Pero eso no estaba tan claro el 21 de julio de 1969, cuando por primera vez un ser humano puso un pie en ella: "Un pequeño paso para un hombre, pero un gran paso para la Humanidad", dijo entonces Neil Armstrong ante cientos de millones de televidentes atentos al acontecimiento.
Así que entonces se planteó una cuestión que hoy es una simple curiosidad, pero que tendría sentido si en el futuro hubiese bases estables de la NASA u otra agencias espaciales en la Luna. Y que guarda parangón con el momento del Descubrimiento de América y la creación de nuevas diócesis en las inexploradas Indias.
Pues bien, el obispo de la Luna es (fue) William Borders (1913-2010), que fue el primer titular de la diócesis de Orlando (Florida), creada el 2 de mayo de 1968. La gobernó hasta 1974, en que fue trasladado a la diócesis de Baltimore. Para entonces ya estaba claro que lo de circular por territorio selenita tenía una relación coste-beneficio inasumible, más allá de sus carga simbólica.
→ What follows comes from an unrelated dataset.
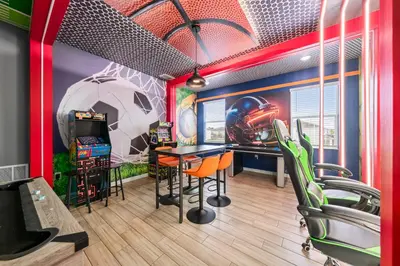 a gaming room with a table and chairs at Big Family Home with Game Room Sleeps 28 BLV104 in Kissimmee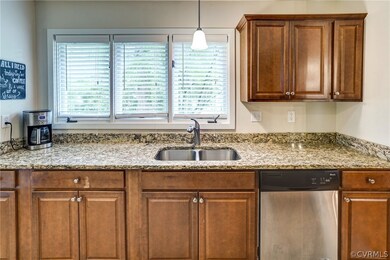 Kitchen has granite countertops and plenty of cabi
Fue el mismo Borders quien lanzó ante Pablo VI, durante una visita ad limina, la idea: "¿Sabe, Santidad?", le dijo: "Yo soy el obispo de la Luna". Y lo justificaba con el Derecho Canónico en la mano: mientras no se crease allí una diócesis propia -algo que, por supuesto, sólo correspondía al Papa-, la jurisdicción sobre los territorios explorados le correspondía al titular de la diócesis de partida. Y Cabo Cañaveral, de donde salió el Apolo 11, formaba parte de la suya.
No había católicos que regir, pero ¿por qué quitarle esa satisfacción?